Two women decided to remain behind. They wanted to stay close to enslaved family members working for Coles’ mother. Coles arranged for them to live with his mother at his expense. The rest of the group — at least sixteen people,1 including a woman named Sukey and her children — elected to go with Coles to Illinois. Coles also secured Sukey’s husband Manuel from a neighboring plantation so that he could come along to Illinois with the rest of his family.

They began the journey on April 1, 1819. Led by Ralph Crawford, everyone but Coles traveled by wagon over the Alleghany Mountains to Brownsville, Pennsylvania; Coles followed on horseback. From there, the group traveled by river in two flatboats.2

Map of route to Illinois

Route taken by Edward Coles and his enslaved companions in April 1819 from Rockfish Plantation, Virginia, to Edwardsville, Illinois. Created by Madison County Historical Museum and Archival Library staff.

Ceremony on the Ohio River

On the Ohio River the morning after leaving Pittsburgh, Coles had the boats lashed together. He called the enslaved people on deck and told them of his plans to manumit them. As Coles describes the scene, the group reacted with stunned silence. After the news sank in they started giggling and then wept for joy.

The ceremony concluded with Coles presenting the group with a general certificate of freedom listing their names. The document did not include Manuel, Sukey, and their children: the family remained in slavery.3 On July 4th, 1819, Edward Coles submitted the emancipation paperwork at the Madison County Courthouse.

Ten newly free people

This illustration represents the ten people among those manumitted by Edward Coles on the Ohio River who arrived in Illinois with him in May 1819. Actual depictions of the people are not available. Created by Madison County Historical Museum and Archival Library staff.


Footnotes

1Some sources suggest that up to 24 people owned by Coles left Virginia with him for Illinois. Some of them may have parted ways with Coles and the rest of the group at Louisville, Kentucky. Unfortunately we have no details about any people manumitted by Coles except those who accompanied him all the way to Illinois.

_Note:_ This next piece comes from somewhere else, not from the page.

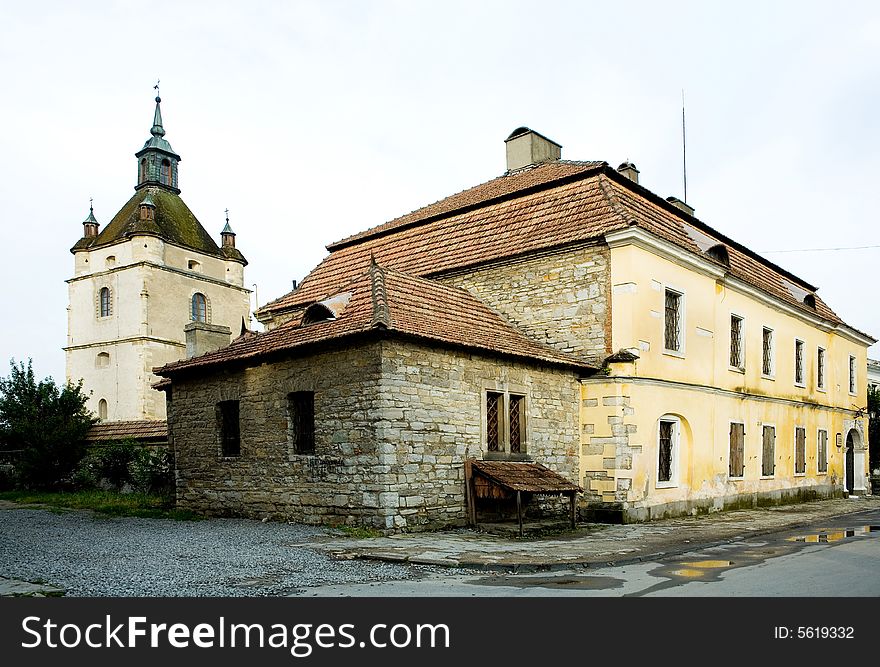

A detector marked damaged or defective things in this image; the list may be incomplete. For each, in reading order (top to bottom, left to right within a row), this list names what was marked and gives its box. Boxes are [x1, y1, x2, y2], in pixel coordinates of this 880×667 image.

rusted roof section [158, 264, 600, 378]
rusted roof section [86, 422, 168, 444]
rusted roof section [470, 462, 580, 494]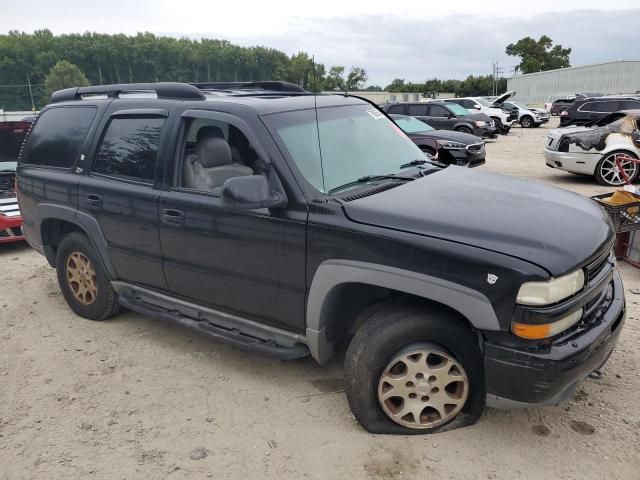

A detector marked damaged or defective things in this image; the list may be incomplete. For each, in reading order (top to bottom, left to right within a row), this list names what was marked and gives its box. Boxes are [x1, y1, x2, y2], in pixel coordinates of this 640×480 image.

2Coles described the final overland portion of the journey in a letter to his friend and former president James Madison: “Owing to the very wet spring, a great portion of this flat Country was under water, and most of the little streams were overflowing their banks, and could only be crossed by swiming [sic] or ferrying. This rendered this part of the journey very disagreeable, even to me who was on horseback, but to those in the waggon [sic] or on foot it was inconceivably bad.”

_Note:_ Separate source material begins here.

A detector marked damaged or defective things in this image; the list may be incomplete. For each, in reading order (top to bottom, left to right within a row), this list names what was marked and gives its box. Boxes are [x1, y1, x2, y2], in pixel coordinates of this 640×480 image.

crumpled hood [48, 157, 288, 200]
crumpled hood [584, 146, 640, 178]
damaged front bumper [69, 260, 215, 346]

3Sukey and her husband Manuel (we don’t know their surname) had five children and a baby on the way. As enslaved people in Coles’ estate, Sukey and the children had the option to accompany him to Illinois. But in 1819, Manuel remained bound in slavery to Coles’ neighbor for another six years. Coles purchased Manuel’s remaining indenture so the family could come to Illinois together. Rather than emancipate Manuel along with the others, Coles pledged to manumit Manuel after he reimbursed Coles’ purchase of his time. Manuel’s indenture made him unable to provide for his family, so he and Sukey asked Coles to retain her and the children as his slaves in the meantime as the only way to ensure their basic needs would be met.